Oh Ceci, that pic is adorable!! LOL


----------



## GoldenJoyx'stwo (Feb 25, 2007)

My Shadow...First it was the left hip, then it was the right.










He took it all in stride though.


----------



## CarolinaCasey (Jun 1, 2007)

Great thread!! Poor pups in their cones!!!


----------



## Bogey's Mom (Dec 23, 2008)

After getting neutered. He was supposed to wear it for 10 days! But on day 3 I took him to doggy daycare, halo and all. I went back to get him later and it was gone. When I asked what happened they all just started laughing. 

I guess he was doing well so they let him out with the other puppies. Bogey got the other pups to help him chew it off. It was in shreds!


----------



## akrein62 (Nov 17, 2007)

Here's Teddy after his neuter. We had a lot of fresh snow on the ground.


----------



## SimTek (Dec 21, 2007)

Here is Samantha after getting a drink of water with her cone.


----------



## SheetsSM (Jan 17, 2008)

Dakota, one of my fosters & my only encounter with the cone


----------



## ilovemydogs (Jan 22, 2009)

Bailey is sporting a cone right now. Only a few more days until the stitches come out.


----------



## Celeigh (Nov 29, 2007)

spruce said:


> that wins my vote for most pathetic! what a fantastic shot!





missmarstar said:


> Oh Ceci, that pic is adorable!! LOL


Thanks you guys! I have video (but it's sideways somehow and I can't flip it) of Fergus batting at Lily's cone, rooing at it, and play bowing at her, then just laying down pathetically and staring at the cone. Personally, I think the look on Lily's face in HER cone pictures is one of relief to have time off from her full time job of fending off Fergus's teeth on her ears! 



akrein62 said:


> Here's Teddy after his neuter. We had a lot of fresh snow on the ground.
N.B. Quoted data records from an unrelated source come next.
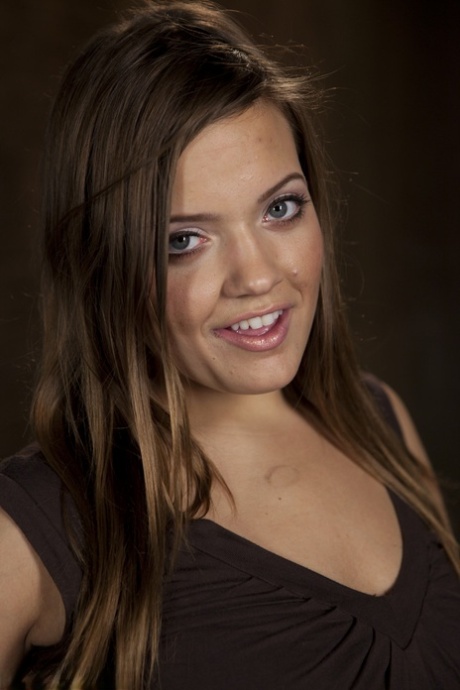 Dungeon tease: Ashlynn Leigh strips her bikini, shows wet
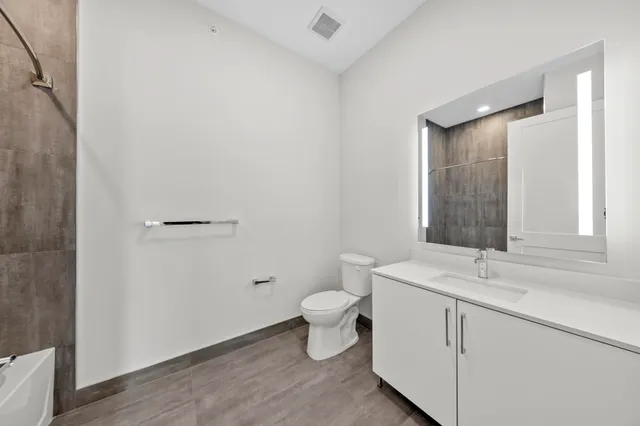 $3,650 | 121 34th Street, Unit 302, Union City, NJ 07087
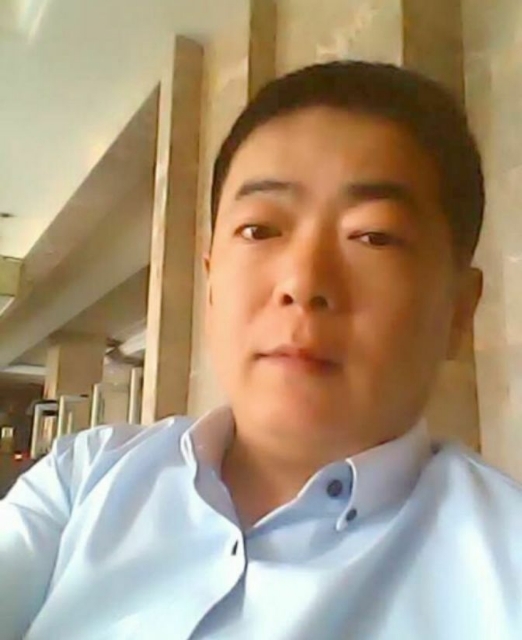 落叶随风的第一张照片--南阳相亲服务中心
Mr. Teddy is adorable! A real live SNOW CONE!


----------



## Brady's mom (Dec 20, 2007)

Brady was totally unphased by his cone. Here's a pic and a link to him getting the zoomies in his cone.

http://www.youtube.com/watch?v=hSns25P7f_8&feature=channel_page


----------



## Bender (Dec 30, 2008)

Too sad. I was at my friend's place tonight and her golden has a cone and is very sad. She freezes at the sound of it touching anything! So tonight she started to get off the couch, the cone hit the coffee table and she froze, back legs on the couch, front legs on the floor, head on the table.... stayed like that till she was saved. Poor Q is a very sad girlie and I guess can't poop well either because she goes to sniff and crouch, hits the cone and jumps....

Lana


----------



## jwemt81 (Aug 20, 2008)

I'm sure that I'll have one of these pictures when Tucker gets neutered in another couple of months. He probably won't even fit into his crate with that thing on!


----------